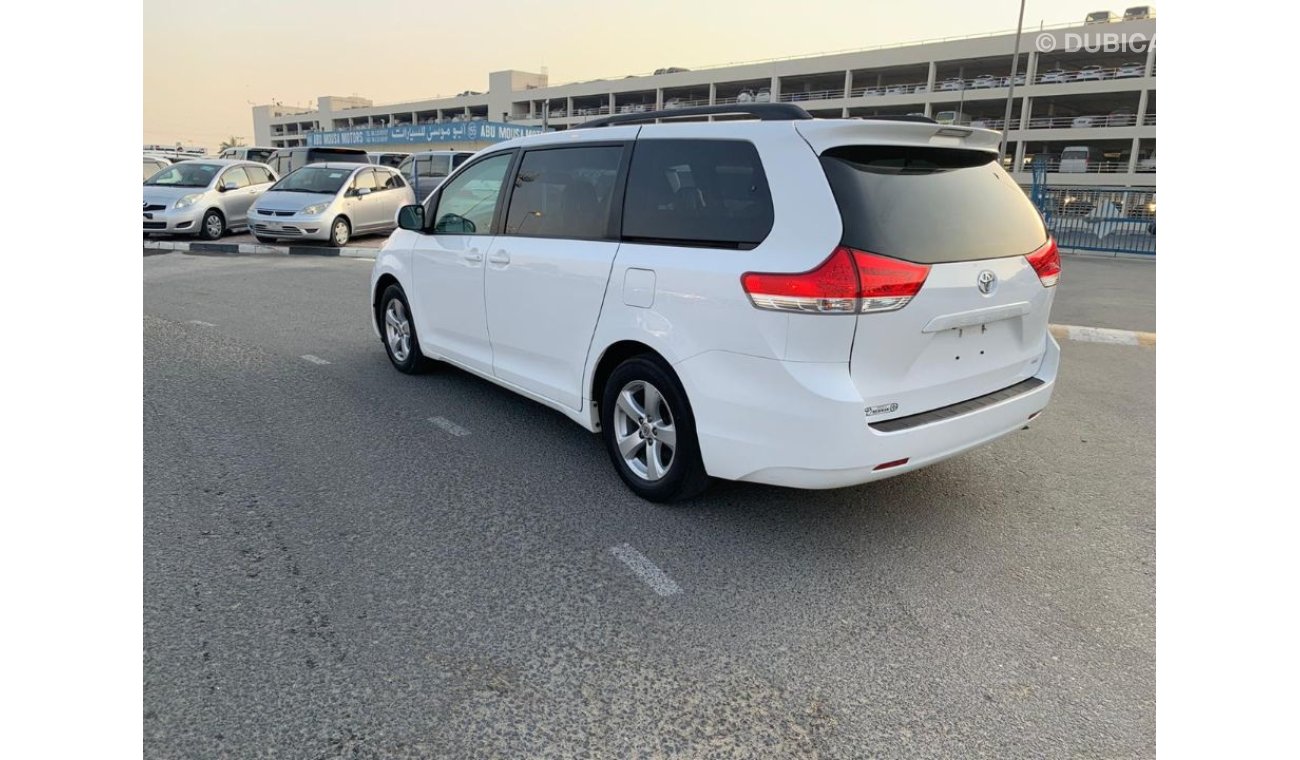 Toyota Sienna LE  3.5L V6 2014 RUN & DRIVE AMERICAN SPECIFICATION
...
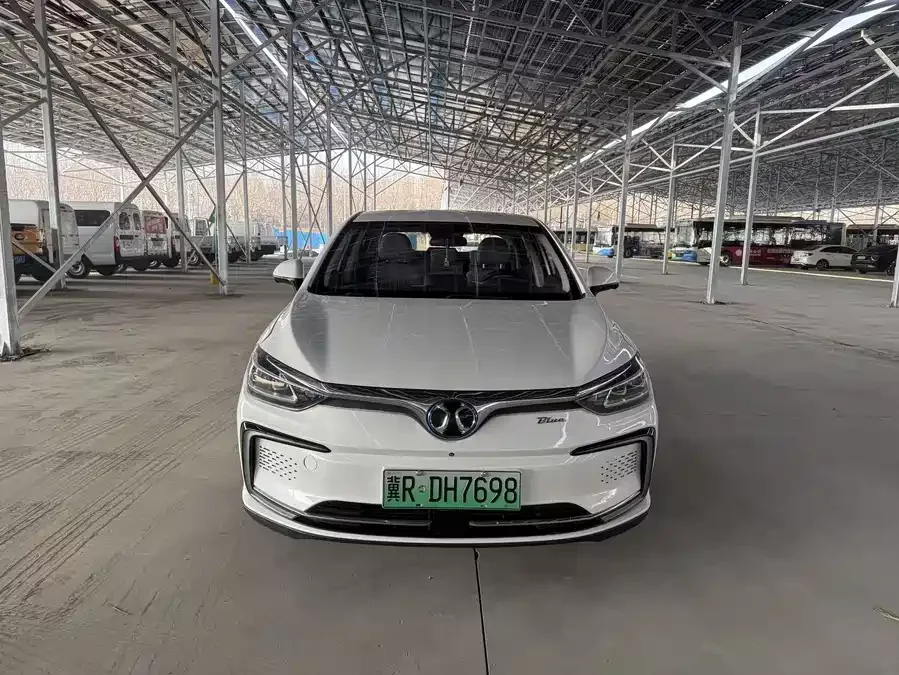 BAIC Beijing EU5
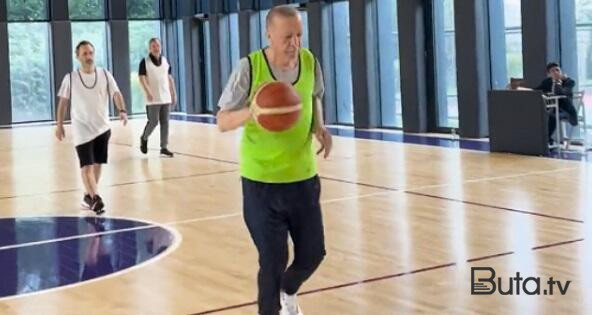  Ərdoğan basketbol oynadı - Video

What you have to do:
Look back over the records above. Reproduce exactly everything from the line with "BAIC Beijing EU5" down to the line with "Ərdoğan basketbol oynadı - Video", inclusive, and leave the pictures out.

Solution to the problem:
 BAIC Beijing EU5
  Ərdoğan basketbol oynadı - Video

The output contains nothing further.